> [Exercise]: Exclude the pictures and transcribe the rest of the data below exactly.

Stored data entries:

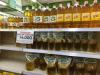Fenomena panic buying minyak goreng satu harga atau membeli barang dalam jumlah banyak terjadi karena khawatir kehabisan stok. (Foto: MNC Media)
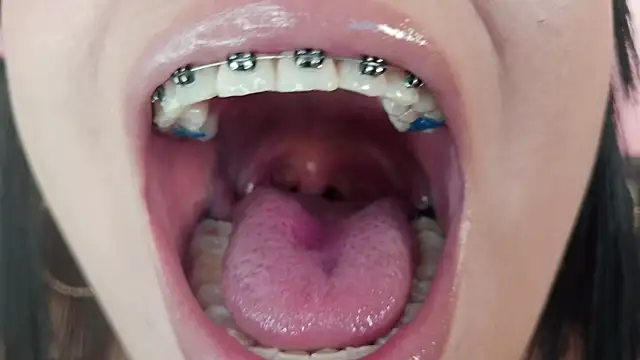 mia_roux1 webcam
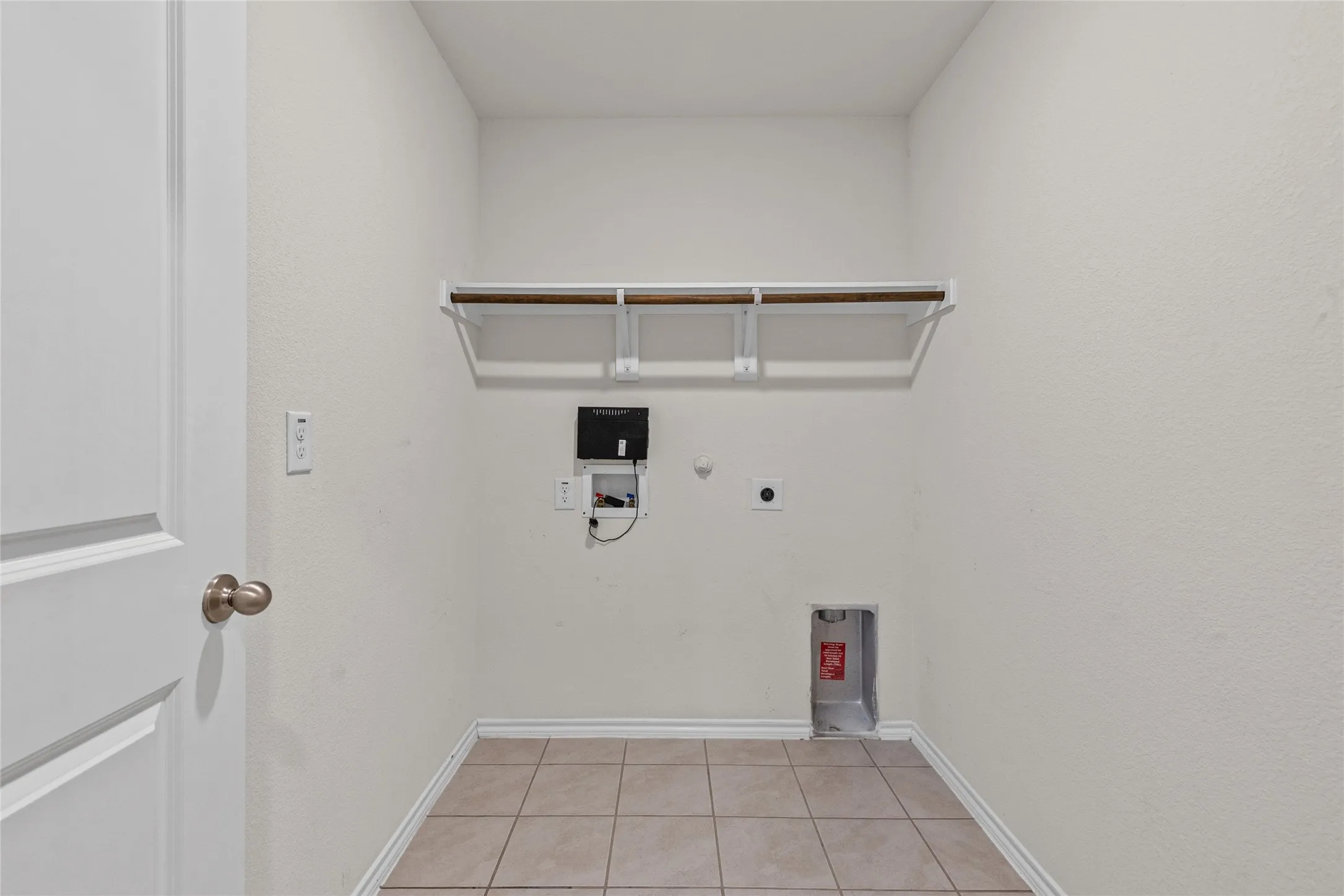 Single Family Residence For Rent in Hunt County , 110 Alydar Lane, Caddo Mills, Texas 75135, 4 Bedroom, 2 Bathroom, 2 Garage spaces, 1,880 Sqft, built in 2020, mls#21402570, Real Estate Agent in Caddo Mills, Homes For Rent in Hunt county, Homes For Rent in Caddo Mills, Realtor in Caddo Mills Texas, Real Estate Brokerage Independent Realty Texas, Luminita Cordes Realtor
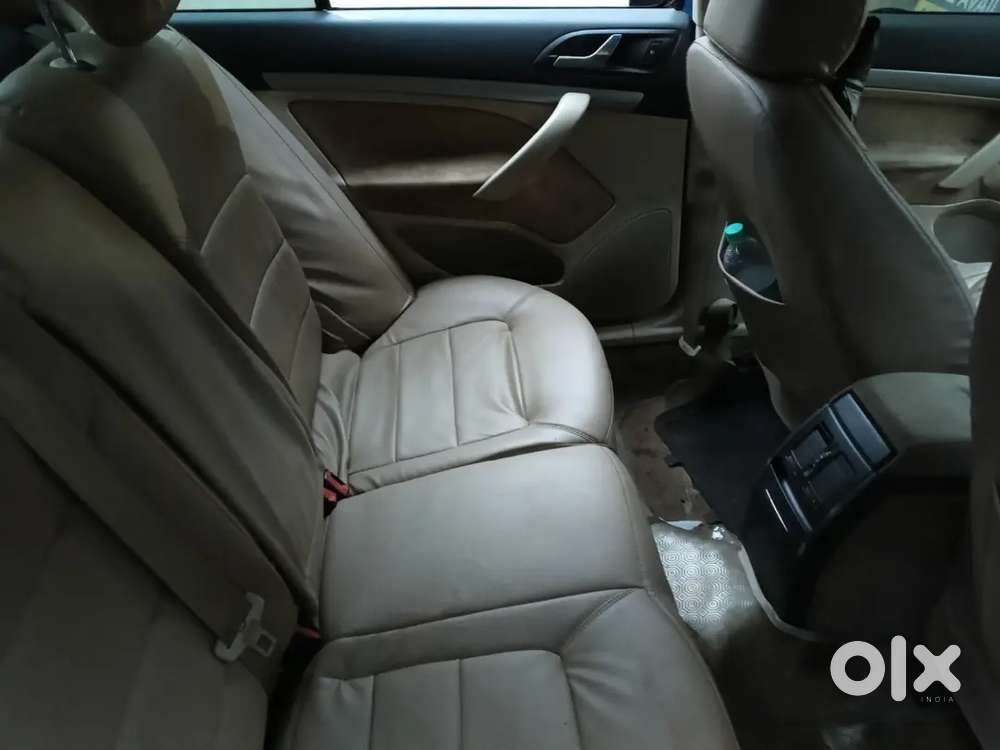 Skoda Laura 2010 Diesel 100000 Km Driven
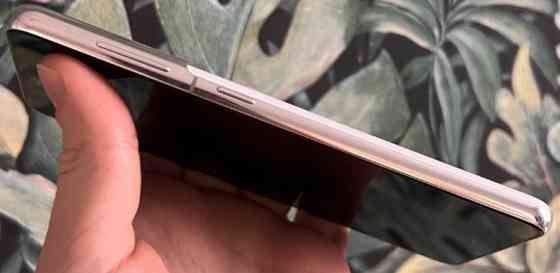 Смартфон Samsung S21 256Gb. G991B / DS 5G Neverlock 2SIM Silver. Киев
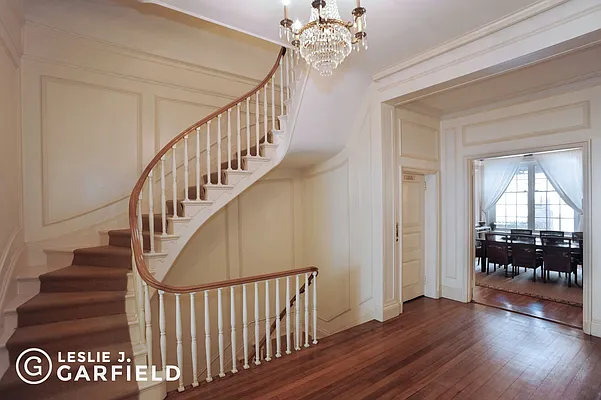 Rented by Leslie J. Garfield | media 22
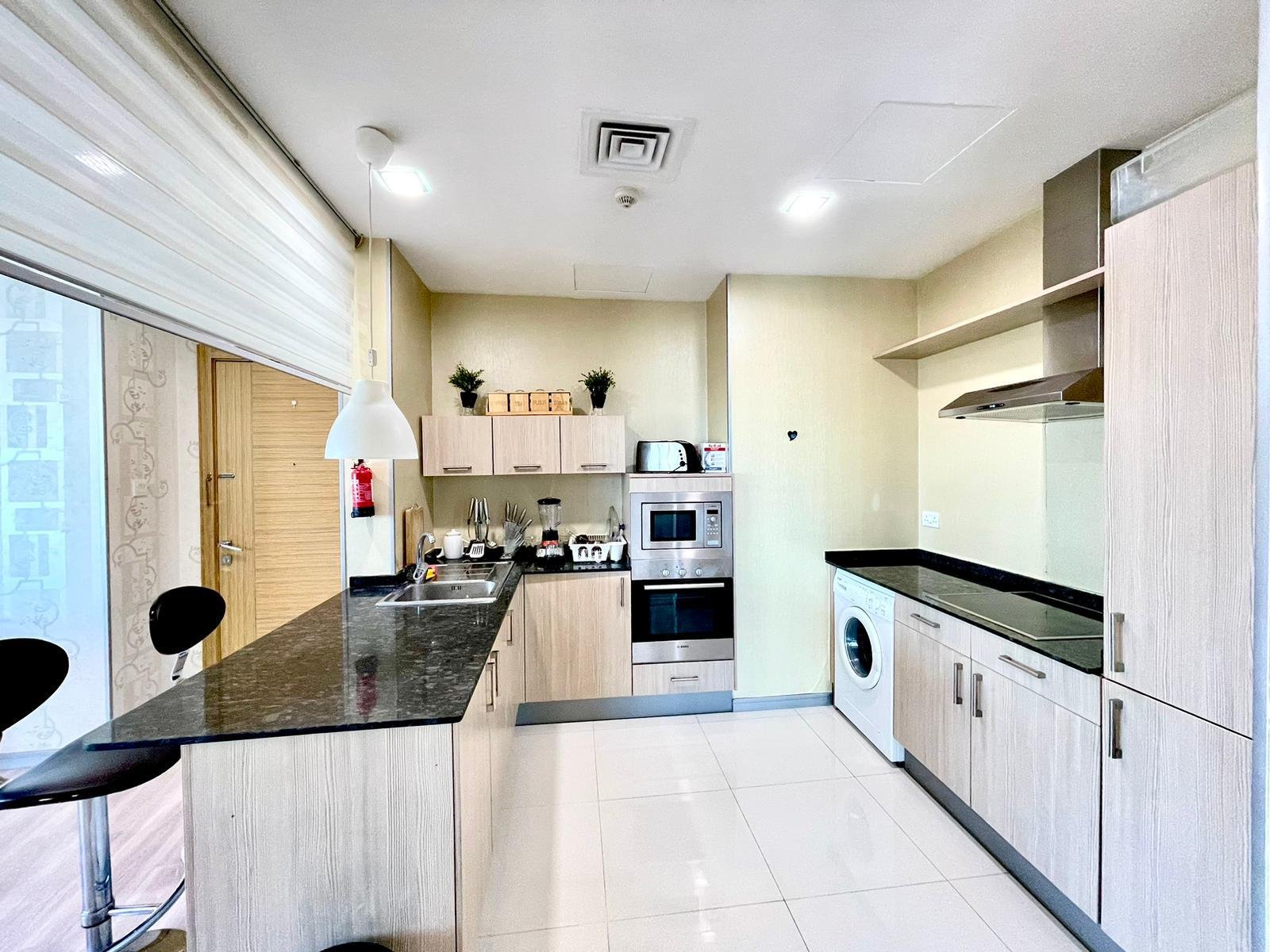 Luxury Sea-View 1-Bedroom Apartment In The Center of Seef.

> [Result of this exercise]:
Fenomena panic buying minyak goreng satu harga atau membeli barang dalam jumlah banyak terjadi karena khawatir kehabisan stok. (Foto: MNC Media)
 mia_roux1 webcam
 Single Family Residence For Rent in Hunt County , 110 Alydar Lane, Caddo Mills, Texas 75135, 4 Bedroom, 2 Bathroom, 2 Garage spaces, 1,880 Sqft, built in 2020, mls#21402570, Real Estate Agent in Caddo Mills, Homes For Rent in Hunt county, Homes For Rent in Caddo Mills, Realtor in Caddo Mills Texas, Real Estate Brokerage Independent Realty Texas, Luminita Cordes Realtor
 Skoda Laura 2010 Diesel 100000 Km Driven
 Смартфон Samsung S21 256Gb. G991B / DS 5G Neverlock 2SIM Silver. Киев
 Rented by Leslie J. Garfield | media 22
 Luxury Sea-View 1-Bedroom Apartment In The Center of Seef.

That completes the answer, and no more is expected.